11. Term and Termination; Amendments

These Terms of Service come into force on the Publication Date. These Terms of Service shall apply to the Service for as long as the Service is used and available or until new updated Terms of Service are published after which the updated Terms of Service shall apply. We may modify these Terms of Service periodically, citing reasons such as legal or regulatory compliance, security, adapting to changes in the Services or Our business practices, or preventing harm to Us or others. We will give reasonable advance notice of any substantial changes, except for updates related to new Service features or in urgent situations, such as for compliance or safety reasons.
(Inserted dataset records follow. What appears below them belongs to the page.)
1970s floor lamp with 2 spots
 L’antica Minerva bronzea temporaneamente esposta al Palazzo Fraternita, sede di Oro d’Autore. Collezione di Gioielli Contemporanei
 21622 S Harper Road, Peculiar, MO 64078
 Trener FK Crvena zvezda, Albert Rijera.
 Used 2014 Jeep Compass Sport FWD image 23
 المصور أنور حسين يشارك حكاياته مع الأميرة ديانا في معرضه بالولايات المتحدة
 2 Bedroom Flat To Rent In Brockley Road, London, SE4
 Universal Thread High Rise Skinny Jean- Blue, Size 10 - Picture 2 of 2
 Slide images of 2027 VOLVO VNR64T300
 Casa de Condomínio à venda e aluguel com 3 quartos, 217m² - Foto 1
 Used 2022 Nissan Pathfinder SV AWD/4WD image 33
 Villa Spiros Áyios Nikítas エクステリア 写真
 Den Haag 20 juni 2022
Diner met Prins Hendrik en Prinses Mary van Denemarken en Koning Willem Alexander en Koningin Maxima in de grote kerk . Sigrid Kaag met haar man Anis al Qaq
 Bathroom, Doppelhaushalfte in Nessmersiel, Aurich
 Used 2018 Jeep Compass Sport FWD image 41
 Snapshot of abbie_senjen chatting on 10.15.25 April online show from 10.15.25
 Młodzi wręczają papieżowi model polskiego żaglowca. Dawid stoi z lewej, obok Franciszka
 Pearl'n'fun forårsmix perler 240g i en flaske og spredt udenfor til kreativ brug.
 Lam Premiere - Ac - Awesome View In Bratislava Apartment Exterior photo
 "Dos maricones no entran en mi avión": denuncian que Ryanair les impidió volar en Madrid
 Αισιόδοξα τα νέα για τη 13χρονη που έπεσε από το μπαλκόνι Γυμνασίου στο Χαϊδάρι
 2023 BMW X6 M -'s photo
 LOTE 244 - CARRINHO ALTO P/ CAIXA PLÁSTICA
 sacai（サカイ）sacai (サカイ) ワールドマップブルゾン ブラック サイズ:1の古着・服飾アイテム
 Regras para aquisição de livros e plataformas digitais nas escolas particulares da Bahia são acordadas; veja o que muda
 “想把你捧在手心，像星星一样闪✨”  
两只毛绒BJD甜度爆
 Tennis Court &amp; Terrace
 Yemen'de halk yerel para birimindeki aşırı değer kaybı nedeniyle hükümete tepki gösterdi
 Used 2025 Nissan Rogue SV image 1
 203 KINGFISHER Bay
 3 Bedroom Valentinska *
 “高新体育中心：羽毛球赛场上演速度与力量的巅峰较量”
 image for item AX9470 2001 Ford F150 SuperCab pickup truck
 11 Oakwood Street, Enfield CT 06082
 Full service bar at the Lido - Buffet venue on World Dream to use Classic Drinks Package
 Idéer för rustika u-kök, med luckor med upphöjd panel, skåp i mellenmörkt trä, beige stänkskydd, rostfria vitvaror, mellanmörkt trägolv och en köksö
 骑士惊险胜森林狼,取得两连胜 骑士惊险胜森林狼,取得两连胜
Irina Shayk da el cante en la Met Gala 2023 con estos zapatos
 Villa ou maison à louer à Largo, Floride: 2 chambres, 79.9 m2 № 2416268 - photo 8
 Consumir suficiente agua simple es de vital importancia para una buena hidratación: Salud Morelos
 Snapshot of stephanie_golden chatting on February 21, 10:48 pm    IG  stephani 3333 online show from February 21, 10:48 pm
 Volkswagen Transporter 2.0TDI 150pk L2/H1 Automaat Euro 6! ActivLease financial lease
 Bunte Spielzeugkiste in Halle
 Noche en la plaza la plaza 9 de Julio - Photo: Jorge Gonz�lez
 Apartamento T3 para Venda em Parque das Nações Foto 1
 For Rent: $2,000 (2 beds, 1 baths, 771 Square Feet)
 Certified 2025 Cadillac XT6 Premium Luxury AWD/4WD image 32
In the case of email notices, the date of receipt will be deemed as the date the notice is transmitted.

Any disputes will be resolved based on the version of Terms of Service in effect at the time the dispute arose. Unless We specify otherwise in Our notice, Your use of the Services after any changes or amendments to the Terms of Service will signify Your acceptance of such changes or amendments. If You do not agree with the updated Terms of Service, You should cancel Your subscription and discontinue using the Services.

We reserve the right to terminate these Terms of Service and this Agreement with You immediately if You are in breach of any of these Terms of Service. Upon termination, the provision of Service will cease immediately, and We may delete all Your user content from the Service. However, please note that We have the right, though no obligation, to retain Your user content or parts of it, enabling You to reactivate Your subscription and continue using the Service.